People living in rural areas, particularly in minority communities, are among those that could be most severely affected by underfunding and a lack of preparation for the 2020 Census, a new report highlights.

Census officials have long had difficulty in counting Americans in rural areas, but the challenge could be exacerbated in 2020 by a new focus on getting Americans to respond to the Census using the internet. The rural areas where people are traditionally hard to count have lower internet access and use rates than the rest of the country, according to the report, which was written by demographer William O’Hare for the Carsey School of Public Policy at the University of New Hampshire.

Failure to accurately count Americans living in rural areas would have significant consequences. Census data is used to determine how hundreds of billions of dollars in federal assistance are allocated. The data is also used to establish how electoral boundaries are drawn, determining how Americans are represented in Congress and statehouses across the country.
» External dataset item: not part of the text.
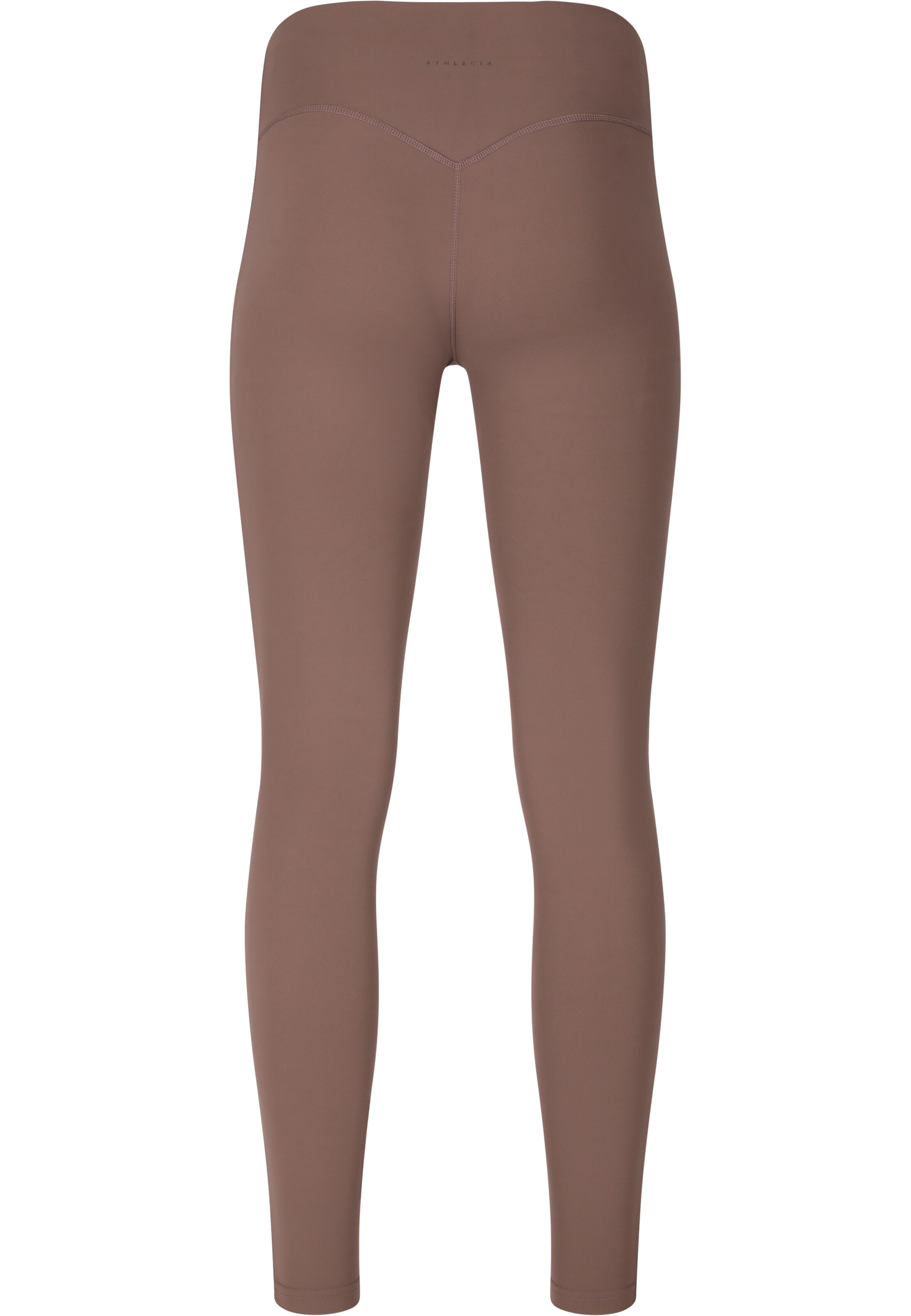 Athlecia Regular Tights 'Eman' in Braun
O’Hare identified hard-to-count counties as those places that had the lowest rates of mail return responses in the 2010 Census. His analysis showed “the more rural a county is, the higher the likelihood that it is among the hard-to-count.” A “substantial share” of those hard-to-count people are in places like the Deep South, Southwest and on Indian reservations in areas where African-Americans, hispanics and American Indians make up a majority of the population.

“With undercounted communities receiving less than their fair share of public funds, there will be undue economic pressure in rural communities, many of which are already struggling,” O’Hare said in a statement. “Special outreach will be needed to ensure a complete and accurate count in many rural parts of the nation.”

The report also noted people residing in Appalachia, particularly West Virginia, live in areas that are disproportionately hard to count. Migrant and seasonal farmworkers, who move frequently and often face English language barriers, will also be difficult to count, the report says.

Close watchers of the Census are deeply worried about preparations for the 2020 count, which is required by the Constitution. The U.S. Census Bureau has faced a $200 million shortfall since 2012 and recently canceled two of three dress rehearsal tests for 2020, one of which was supposed to take place in West Virginia.

Advocates are also worried the Census isn’t investing enough in community partnerships needed to build trust to convince people to respond to it. In addition, the bureau has no permanent leadership in place and the White House is reportedly considering a political science professor with no political experience in the department’s chief operational role.

In an effort to be more efficient, the 2020 Census will allow households to respond to an initial inquiry for the first time using the internet, instead of through a mailer. The Census will follow up with households that don’t respond to its initial inquiry, but O’Hare’s report notes that 21 percent of households in rural areas lack internet access, compared to 13 percent in urban areas.

“The paper mode of data collection will not be emphasized like the internet response will be, and Census Bureau research shows that the self-response rates for some groups decrease when an internet mode of response is added,” he wrote.